Die Numismatik ist freilich von Ihrem Plane ausgeschlossen, aber die wichtigen neuen Entdeckungen, welche in Lahore und Cabul gemacht worden sind, seit ich über die Baktrischen und Indo-Skythischen Münzen des Obersten Tod schrieb, werden Sie doch interessiren. Der neueste Bericht aus Indien findet sich, von schlechten Abbildungen begleitet, in dem dritten Jahrgange des Journals von Calcutta. Raoul-Rochette schickt mir ein paar besser gestochene Kupfertafeln. Da nun die Sammlung des General Allard in das Königl. Cabinet gekommen ist, so hat er Vorrath genug, um darüber zu schreiben. Ich wünschte es lieber in Letronneʼs Hände.
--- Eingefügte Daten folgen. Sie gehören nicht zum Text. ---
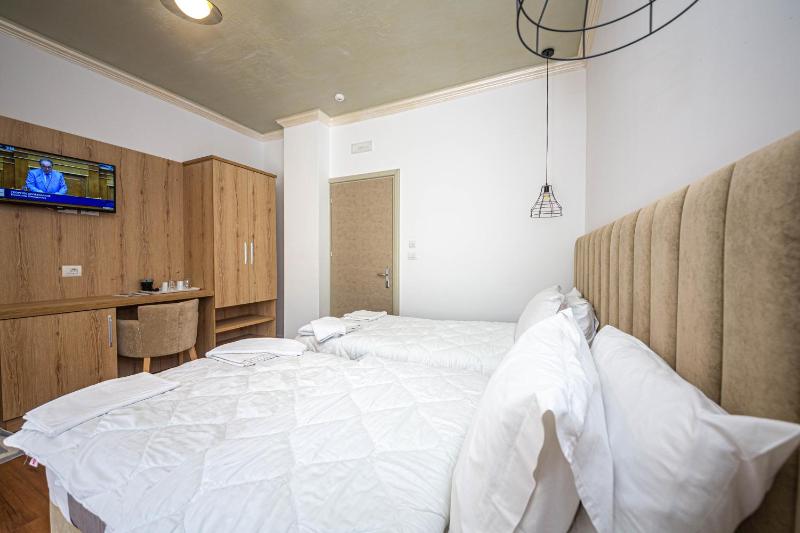 Double or Twin Room with Balcony image 4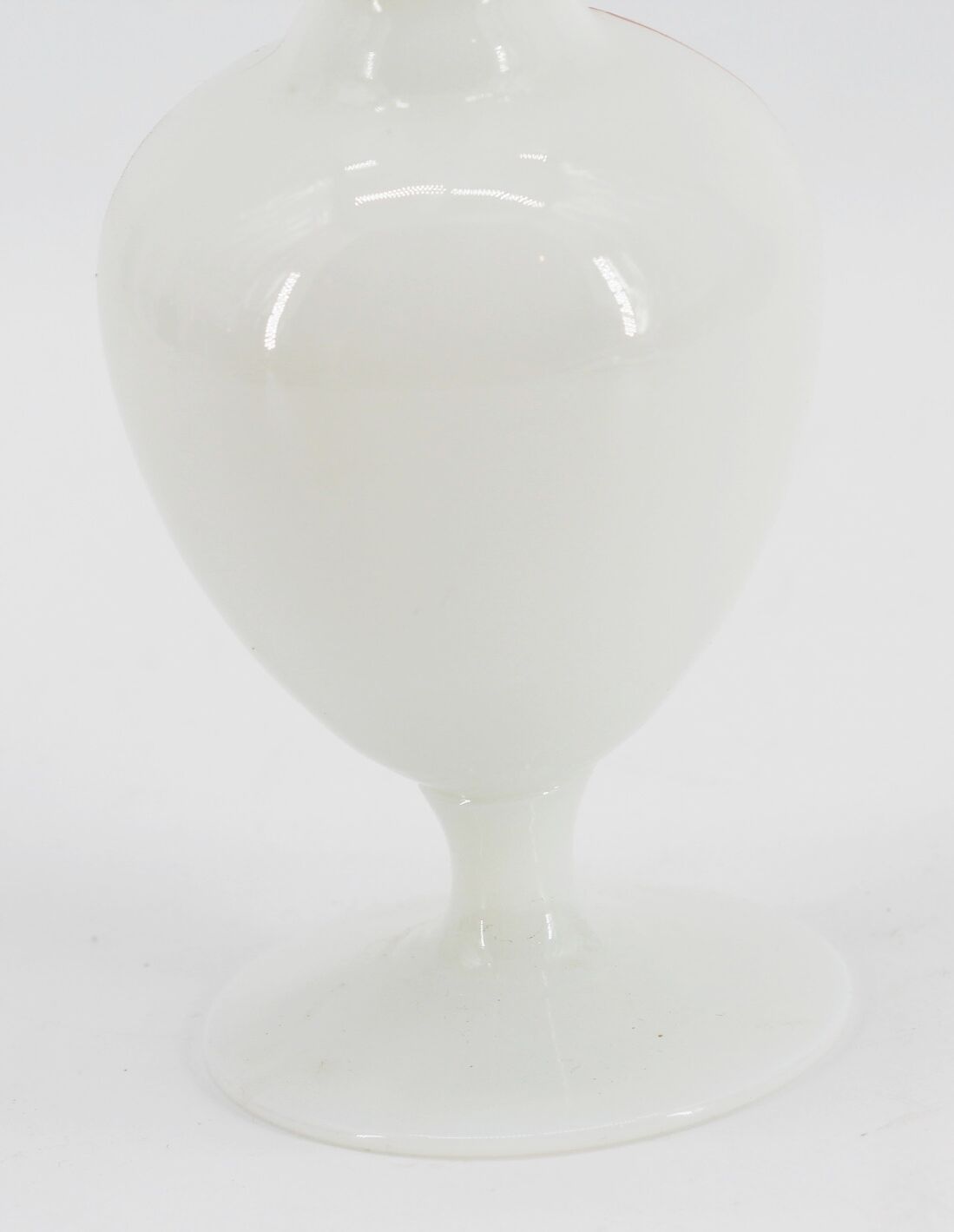 Vase in white opaline flowers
Ich wiederhole meinen Dank. Die Sendung Ihres großen Werkes ist in der That das einzige erfreuliche, was mir von Seiten der Akademie begegnet, und dieß verdanke ich ja nur Ihnen persönlich. Denn die Akademie benimmt sich gegen mich so, als ob ich gar nicht in der Welt wäre. Seit so vielen Jahren, daß ich ordentliches Mitglied bin, sind mir nicht einmal die Bände ihrer Abhandlungen geschickt worden. Es ist unerhört! Ich meyne, ich hätte Anspruch nicht nur auf die seit meiner Aufnahme erschienenen Bände, sondern auf die vollständige Reihe, seit sie deutsch abgefaßt werden. Noch bei einer andern Gelegenheit hat sich die Akademie sehr unfreundlich betragen. Ich begehrte nämlich, oder Hr. Lassen für mich, einige Stempel zur Ergänzung der kleinsten Devanagari-Schrift. Es wurde abgeschlagen, ohne Zweifel auf Bopps Antrag. Diese kleinste Schrift ist gut ausgefallen, weil sie bloß eine Nachahmung meiner großen war, die wohl die schönste in der Welt bleiben wird. Die von mittlerem Caliber hingegen, unter Bopps geschmackloser Leitung angefertigt, ist ganz abscheulich: sie mögen sie nur gerade in den Schmelzofen werfen.
Nun leben Sie recht wohl, behalten Sie mich in gutem Andenken, und halten Sie mir meine Bemerkungen zu Gute.